**PROBLEM DETAILS**
Each record must appear in the answer exactly as it does in the data.

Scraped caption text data
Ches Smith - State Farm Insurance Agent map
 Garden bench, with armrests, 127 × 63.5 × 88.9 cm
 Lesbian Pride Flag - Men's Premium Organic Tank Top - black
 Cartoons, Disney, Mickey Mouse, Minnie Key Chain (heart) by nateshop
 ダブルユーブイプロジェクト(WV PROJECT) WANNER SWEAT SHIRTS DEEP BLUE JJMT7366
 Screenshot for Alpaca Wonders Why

**WRITTEN REPLY**
Ches Smith - State Farm Insurance Agent map
 Garden bench, with armrests, 127 × 63.5 × 88.9 cm
 Lesbian Pride Flag - Men's Premium Organic Tank Top - black
 Cartoons, Disney, Mickey Mouse, Minnie Key Chain (heart) by nateshop
 ダブルユーブイプロジェクト(WV PROJECT) WANNER SWEAT SHIRTS DEEP BLUE JJMT7366
 Screenshot for Alpaca Wonders Why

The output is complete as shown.